There’s silence on the line for a moment and Aether tilts his head, “Hello? Is someone there?”
A sigh, familiar in its tone echoes across the line, “Hey Aeth,” Dew mumbles, sounding tired, “Didn’t know if you’d still be awake.”
Aether glances up at the clock across the room, the hands ticking by slowly, it’s late, much later than he’d expected, “Ah,” he says, “I was finishing up some inventory reports in the infirmary, some new guy decided to double the amount of gauze we need so now we’re swimming in it but don’t have any more antibiotics,” he glances down at the papers in front of him, red lines crossed through black numbers, “Been down here most of the day counting things to get everything right again.”

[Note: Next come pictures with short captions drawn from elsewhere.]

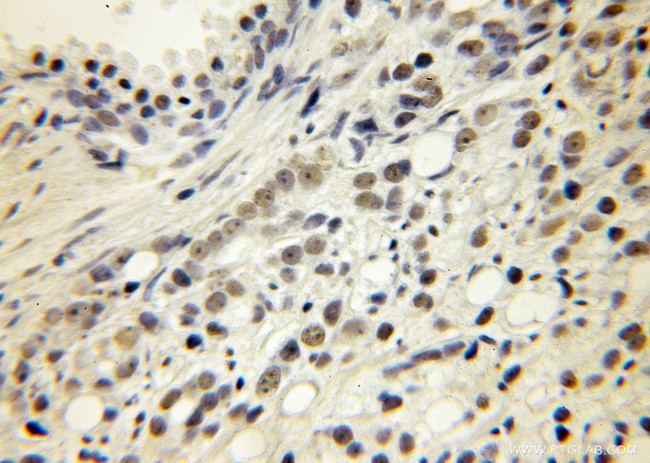 KPNA6 Antibody in Immunohistochemistry (Paraffin) (IHC (P))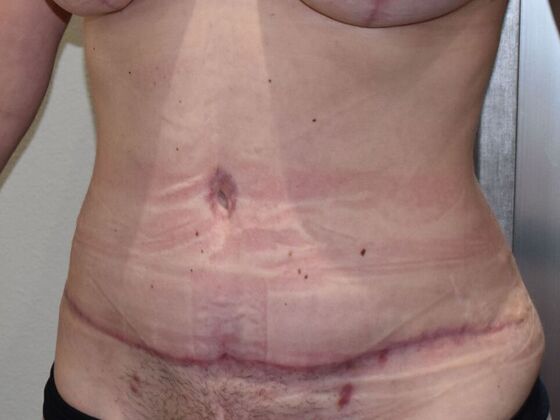 Tummy Tuck (Abdominoplasty): Case 489 - After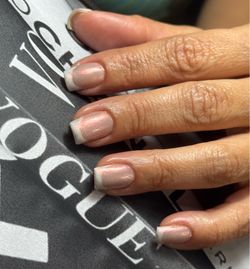 Uñas , varios sistemas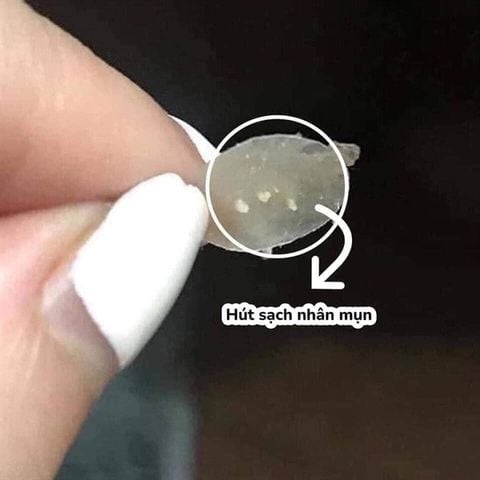 Miếng Dán Mụn Cosrx 24 Miếng Acne Pimple Master Patch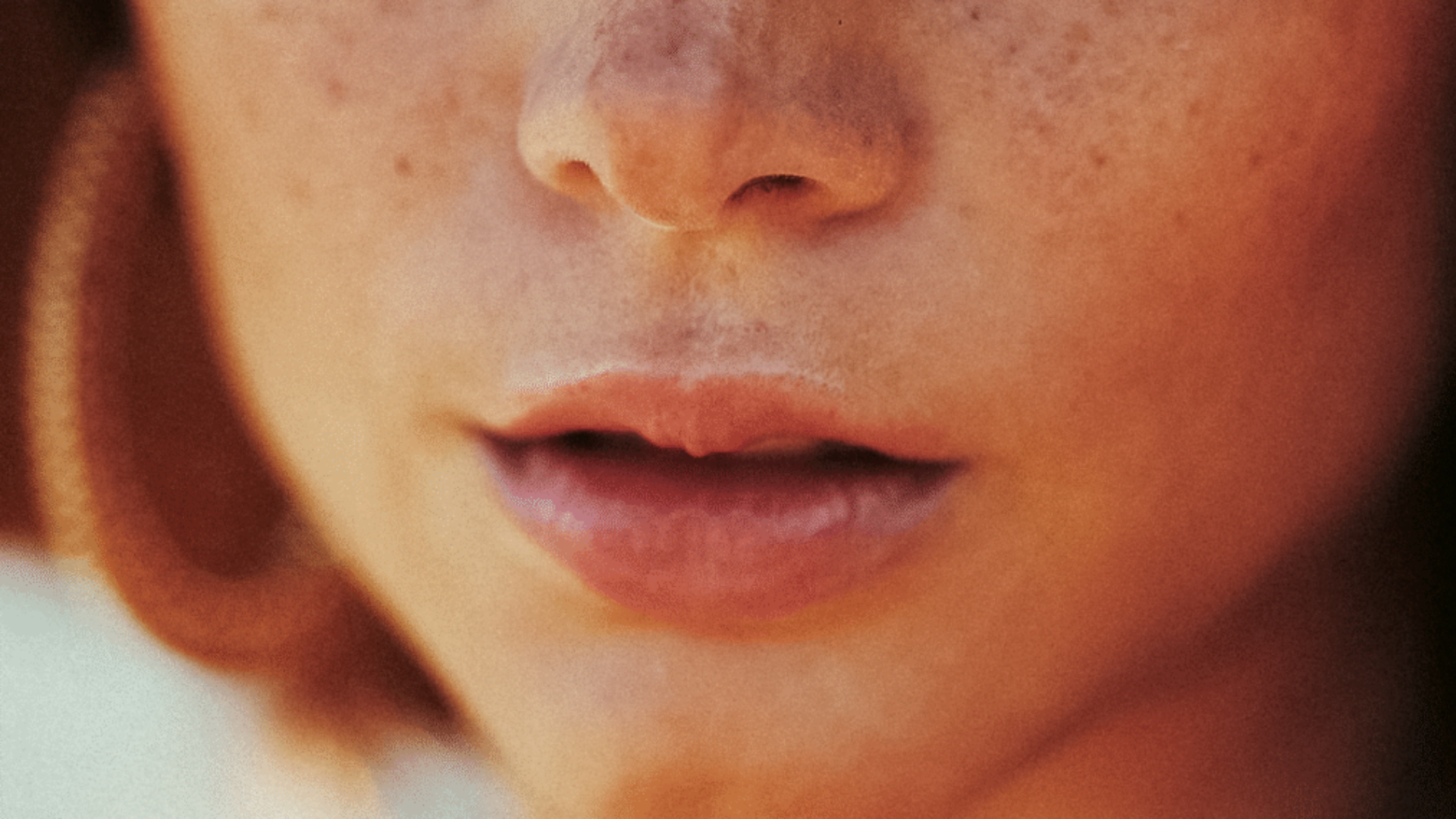 Ácido hialurônico: 7 mitos e verdades sobre seu uso em preenchimentos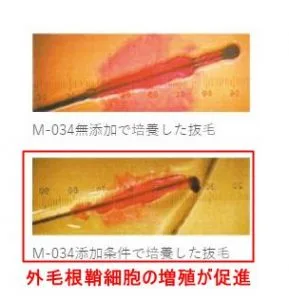 外毛根鞘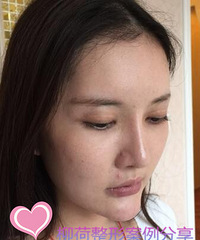 人参娃娃提升恢复时间%¥R人参娃娃手术最好的医院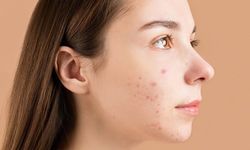 Ingin Tampil Flawless Bebas Jerawat? Ini 3 Tip Perawatan Kulit Sensitif dari Doviqa Skincare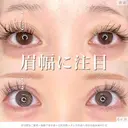全切開法二重術＋眼瞼下垂手術+目尻切開＋タレ目形成＋埋没法抜糸※MD式 180日後 サムネイル用
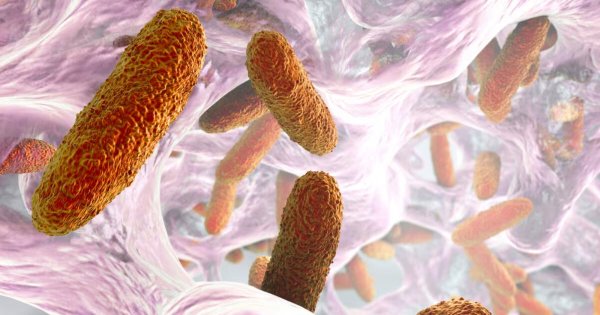 ¿Qué es la bacteria klebsiella oxytoca que tanto preocupa a Guanajuato? Así puedes protegerte 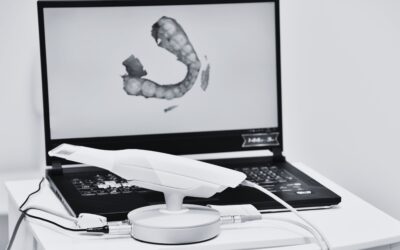 Escáner intraoral 3D: la tecnología que mejora tu diagnóstico dental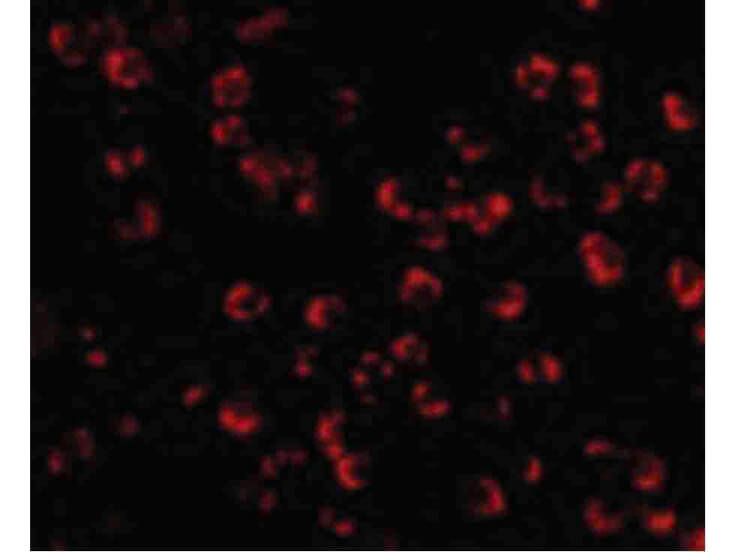 Immunofluorescence of PAK5 Antibody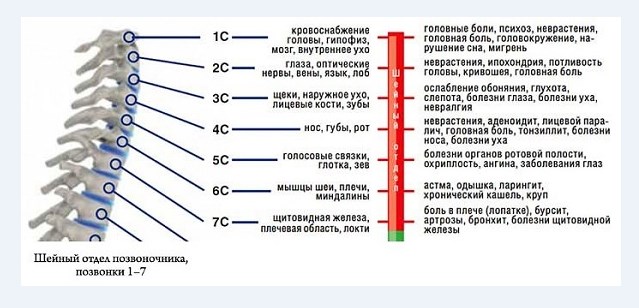 Причины болей от шейного остеохондроза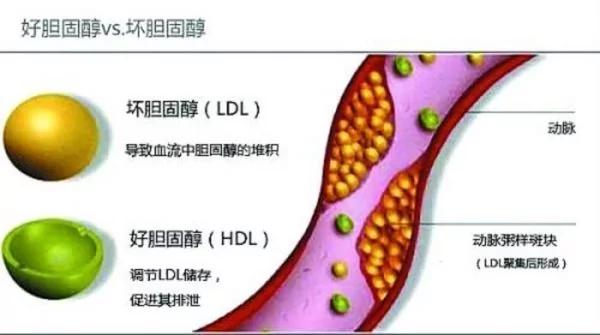 胆固醇过高就代表血管硬化?好坏胆固醇差在哪?医生教你看懂胆固醇数字真相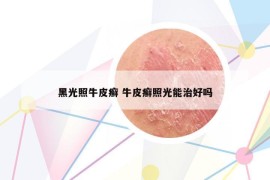 黑光照牛皮癬 牛皮癬照光能治好嗎
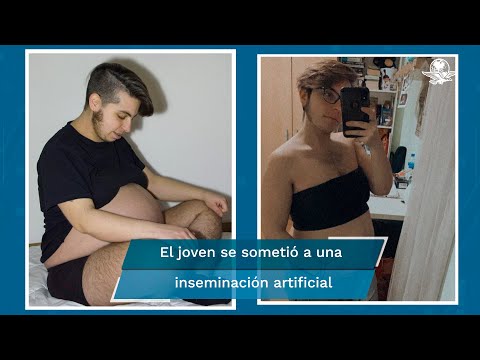 Rubén Castro hace historia al convertirse en el primer hombre trans en dar a luz en España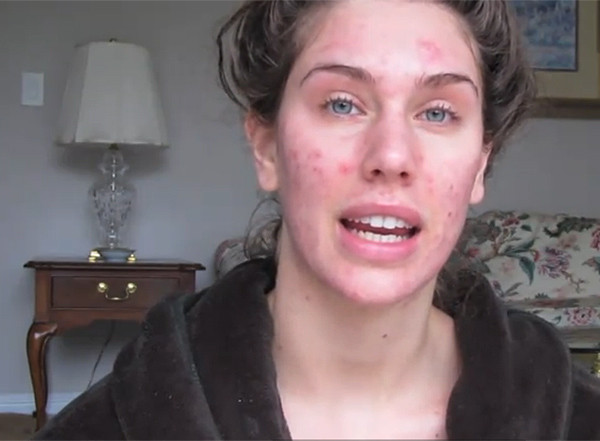 Da của Cassy bị dị ứng nổi mụn to, mụn nhỏ sần sùi chi chít.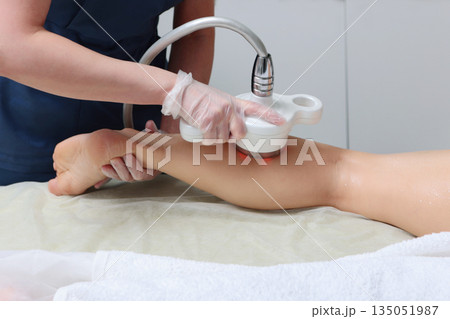 Hardware massage. Anti-cellulite massage of the shin area. The posterior surface of the shin. Body care. The procedure at the beauty salon. Non-surgical figure correction. 135051987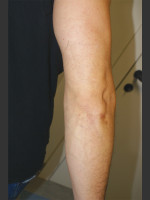 After Photo Quanta Q-Plus C Laser Tattoo Removal #71 - Prejuvenation Before & After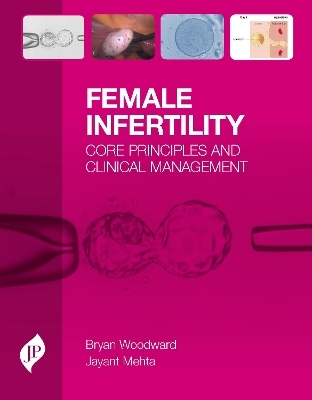 Female Infertility - Bryan Woodward, Jayant Mehta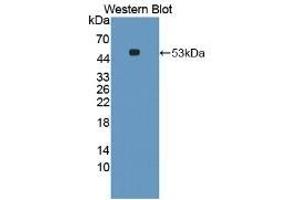Detection of Recombinant IL6, Rabbit using Monoclonal Antibody to Interleukin 6 (IL6)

Dew hums, a pleased little sound, “I like hearing you talk about the work you do,” he says, tone bordering on that sappy-tired one he gets whenever he’s worked to the bone and sleepy, “I miss you.”
“I miss you too,” Aether murmurs with a small smile, leaning back in his chair and focusing all of his attention on Dew, “How is guard duty with Frater Imperator?” he asks, a brief flash of worry catching him.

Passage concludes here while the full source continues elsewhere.